++++ Information ++++
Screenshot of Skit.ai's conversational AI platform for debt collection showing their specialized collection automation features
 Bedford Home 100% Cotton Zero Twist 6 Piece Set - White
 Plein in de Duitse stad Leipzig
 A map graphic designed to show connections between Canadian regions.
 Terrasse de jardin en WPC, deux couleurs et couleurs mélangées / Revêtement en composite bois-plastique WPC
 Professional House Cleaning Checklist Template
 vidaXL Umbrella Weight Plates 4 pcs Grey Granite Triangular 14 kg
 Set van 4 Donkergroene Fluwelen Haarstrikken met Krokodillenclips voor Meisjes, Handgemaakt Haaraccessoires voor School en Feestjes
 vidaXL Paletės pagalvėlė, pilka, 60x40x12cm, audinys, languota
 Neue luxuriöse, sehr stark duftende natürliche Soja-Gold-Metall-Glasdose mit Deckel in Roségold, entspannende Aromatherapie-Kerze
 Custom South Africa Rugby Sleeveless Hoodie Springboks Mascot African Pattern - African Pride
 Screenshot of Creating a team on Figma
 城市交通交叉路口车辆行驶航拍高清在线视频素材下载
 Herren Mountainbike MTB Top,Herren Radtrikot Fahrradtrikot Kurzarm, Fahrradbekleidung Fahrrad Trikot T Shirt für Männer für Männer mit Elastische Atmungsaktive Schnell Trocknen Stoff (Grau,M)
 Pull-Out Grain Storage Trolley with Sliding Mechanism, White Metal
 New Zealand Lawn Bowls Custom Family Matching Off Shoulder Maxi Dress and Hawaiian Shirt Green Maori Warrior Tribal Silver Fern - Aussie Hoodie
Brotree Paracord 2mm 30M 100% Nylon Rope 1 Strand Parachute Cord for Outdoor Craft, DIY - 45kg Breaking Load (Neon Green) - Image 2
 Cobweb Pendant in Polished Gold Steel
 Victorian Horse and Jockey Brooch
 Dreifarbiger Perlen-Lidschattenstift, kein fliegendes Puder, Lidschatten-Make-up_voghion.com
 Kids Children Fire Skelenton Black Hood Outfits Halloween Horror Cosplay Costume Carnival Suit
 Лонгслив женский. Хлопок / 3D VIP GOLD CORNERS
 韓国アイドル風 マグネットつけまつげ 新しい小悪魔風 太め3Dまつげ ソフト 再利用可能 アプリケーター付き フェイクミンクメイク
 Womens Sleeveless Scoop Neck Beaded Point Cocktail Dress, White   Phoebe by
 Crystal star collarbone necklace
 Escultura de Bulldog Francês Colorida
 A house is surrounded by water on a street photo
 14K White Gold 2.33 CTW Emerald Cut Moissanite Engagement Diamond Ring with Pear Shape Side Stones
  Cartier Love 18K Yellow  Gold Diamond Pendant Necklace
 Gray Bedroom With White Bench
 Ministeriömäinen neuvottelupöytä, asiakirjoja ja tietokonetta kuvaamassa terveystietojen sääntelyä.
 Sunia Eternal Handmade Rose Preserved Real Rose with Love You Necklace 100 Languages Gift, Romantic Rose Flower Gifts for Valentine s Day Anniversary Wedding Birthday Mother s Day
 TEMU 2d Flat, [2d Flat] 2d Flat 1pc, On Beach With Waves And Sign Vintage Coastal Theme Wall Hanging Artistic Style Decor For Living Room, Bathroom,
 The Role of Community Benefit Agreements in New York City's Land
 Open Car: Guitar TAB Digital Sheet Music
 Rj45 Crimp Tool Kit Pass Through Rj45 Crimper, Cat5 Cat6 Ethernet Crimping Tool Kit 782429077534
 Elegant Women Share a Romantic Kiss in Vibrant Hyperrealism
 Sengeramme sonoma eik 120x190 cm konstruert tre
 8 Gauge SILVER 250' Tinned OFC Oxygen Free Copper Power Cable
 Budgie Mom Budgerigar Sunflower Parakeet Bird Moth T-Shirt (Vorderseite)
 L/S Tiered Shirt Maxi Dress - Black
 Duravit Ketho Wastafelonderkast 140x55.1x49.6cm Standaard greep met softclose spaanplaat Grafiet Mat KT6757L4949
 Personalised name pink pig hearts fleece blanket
++++
→ **What the exercise asks**
Once you have read the records, repeat them all exactly.

→ **Exercise output**
Screenshot of Skit.ai's conversational AI platform for debt collection showing their specialized collection automation features
 Bedford Home 100% Cotton Zero Twist 6 Piece Set - White
 Plein in de Duitse stad Leipzig
 A map graphic designed to show connections between Canadian regions.
 Terrasse de jardin en WPC, deux couleurs et couleurs mélangées / Revêtement en composite bois-plastique WPC
 Professional House Cleaning Checklist Template
 vidaXL Umbrella Weight Plates 4 pcs Grey Granite Triangular 14 kg
 Set van 4 Donkergroene Fluwelen Haarstrikken met Krokodillenclips voor Meisjes, Handgemaakt Haaraccessoires voor School en Feestjes
 vidaXL Paletės pagalvėlė, pilka, 60x40x12cm, audinys, languota
 Neue luxuriöse, sehr stark duftende natürliche Soja-Gold-Metall-Glasdose mit Deckel in Roségold, entspannende Aromatherapie-Kerze
 Custom South Africa Rugby Sleeveless Hoodie Springboks Mascot African Pattern - African Pride
 Screenshot of Creating a team on Figma
 城市交通交叉路口车辆行驶航拍高清在线视频素材下载
 Herren Mountainbike MTB Top,Herren Radtrikot Fahrradtrikot Kurzarm, Fahrradbekleidung Fahrrad Trikot T Shirt für Männer für Männer mit Elastische Atmungsaktive Schnell Trocknen Stoff (Grau,M)
 Pull-Out Grain Storage Trolley with Sliding Mechanism, White Metal
 New Zealand Lawn Bowls Custom Family Matching Off Shoulder Maxi Dress and Hawaiian Shirt Green Maori Warrior Tribal Silver Fern - Aussie Hoodie
Brotree Paracord 2mm 30M 100% Nylon Rope 1 Strand Parachute Cord for Outdoor Craft, DIY - 45kg Breaking Load (Neon Green) - Image 2
 Cobweb Pendant in Polished Gold Steel
 Victorian Horse and Jockey Brooch
 Dreifarbiger Perlen-Lidschattenstift, kein fliegendes Puder, Lidschatten-Make-up_voghion.com
 Kids Children Fire Skelenton Black Hood Outfits Halloween Horror Cosplay Costume Carnival Suit
 Лонгслив женский. Хлопок / 3D VIP GOLD CORNERS
 韓国アイドル風 マグネットつけまつげ 新しい小悪魔風 太め3Dまつげ ソフト 再利用可能 アプリケーター付き フェイクミンクメイク
 Womens Sleeveless Scoop Neck Beaded Point Cocktail Dress, White   Phoebe by
 Crystal star collarbone necklace
 Escultura de Bulldog Francês Colorida
 A house is surrounded by water on a street photo
 14K White Gold 2.33 CTW Emerald Cut Moissanite Engagement Diamond Ring with Pear Shape Side Stones
  Cartier Love 18K Yellow  Gold Diamond Pendant Necklace
 Gray Bedroom With White Bench
 Ministeriömäinen neuvottelupöytä, asiakirjoja ja tietokonetta kuvaamassa terveystietojen sääntelyä.
 Sunia Eternal Handmade Rose Preserved Real Rose with Love You Necklace 100 Languages Gift, Romantic Rose Flower Gifts for Valentine s Day Anniversary Wedding Birthday Mother s Day
 TEMU 2d Flat, [2d Flat] 2d Flat 1pc, On Beach With Waves And Sign Vintage Coastal Theme Wall Hanging Artistic Style Decor For Living Room, Bathroom,
 The Role of Community Benefit Agreements in New York City's Land
 Open Car: Guitar TAB Digital Sheet Music
 Rj45 Crimp Tool Kit Pass Through Rj45 Crimper, Cat5 Cat6 Ethernet Crimping Tool Kit 782429077534
 Elegant Women Share a Romantic Kiss in Vibrant Hyperrealism
 Sengeramme sonoma eik 120x190 cm konstruert tre
 8 Gauge SILVER 250' Tinned OFC Oxygen Free Copper Power Cable
 Budgie Mom Budgerigar Sunflower Parakeet Bird Moth T-Shirt (Vorderseite)
 L/S Tiered Shirt Maxi Dress - Black
 Duravit Ketho Wastafelonderkast 140x55.1x49.6cm Standaard greep met softclose spaanplaat Grafiet Mat KT6757L4949
 Personalised name pink pig hearts fleece blanket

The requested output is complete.